Je pense également que le Rassemblement National se situe en dehors de l’arc républicain au sens où nous l’entendons.

Enfin, comme l’a rappelé le président de la République hier, nous ne pourrons pas dissoudre le peuple et une fois qu’il se sera exprimé, nous devons respecter son choix souverain. Mais la colère est mauvaise conseillère et elle ne doit pas guider les électeurs dans le choix qu’ils vont faire le jour de l’élection. C’est la raison pour laquelle je compte bien entendu sur la mobilisation des personnes de bonne volonté pour ramener tant de femmes et d’hommes qui ont certes des raisons d’être mécontents à la raison pour qu’ils puissent faire un choix républicain, et non le choix d’une colère aveugle.

 

Que ferez-vous le jour d’après si, malgré votre appel à la vigilance, le Rassemblement National se retrouve au pouvoir, c’est-à-dire à Matignon.

Encore une fois, au matin d’une bataille, on ne commence pas par envisager sa défaite. Tout devra être fait pour éviter que le pays ne bascule dans le chaos financier, chaos économique, chaos social, chaos politique.

Mais les autorités institutionnelles, le président de la République au premier chef, le Conseil constitutionnel, le Conseil d’Etat, tous les acteurs impliqués dans la vie publique de la nation, devront s’efforcer à la fois de respecter les choix exprimés par le peuple souverain, mais tout autant de faire en sorte que ces choix s’expriment dans le respect de l’Etat de droit et, si possible, avec le souci d’une gestion parcimonieuse des deniers publics pour éviter un appauvrissement généralisé.

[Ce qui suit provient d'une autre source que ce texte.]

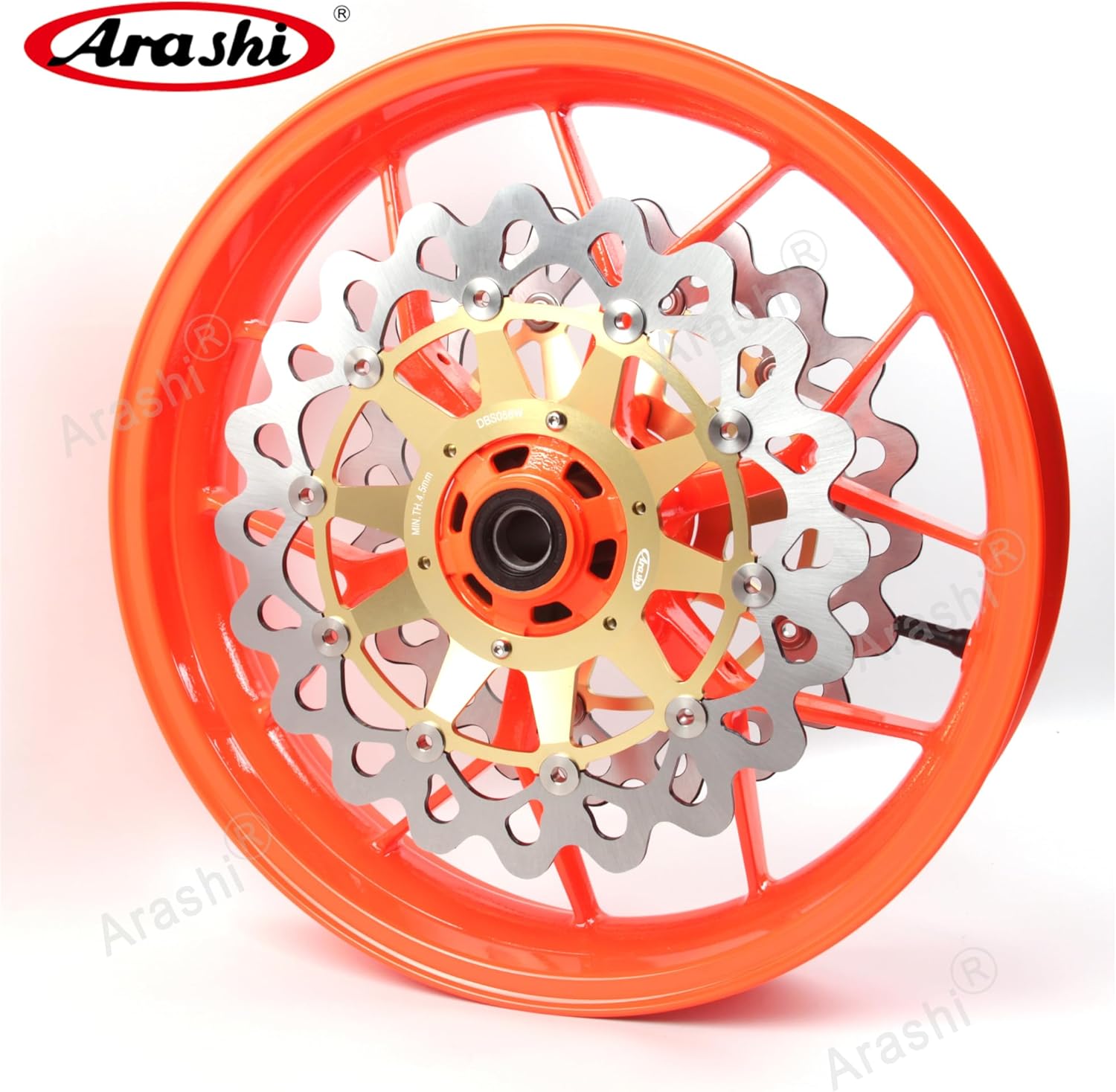 Arashi Front Wheel Rim and Brake Disc Rotor for Honda CBR1000RR 2006-2016, Motorcycle Replacement Accessories Parts Neon Orange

Et d’ici là je me battrai pour que les candidats d’une troisième voie, centrale entre les extrêmes, remportent les législatives, car ils seront mieux à même de défendre nos valeurs, la lutte contre l’antisémitisme et la nécessité d’une réconciliation nationale. Ce ne sera pas, le cas échéant, un exercice facile. Il convient donc de bien réfléchir avant d’aller voter et de ne pas se laisser emporter par sa colère.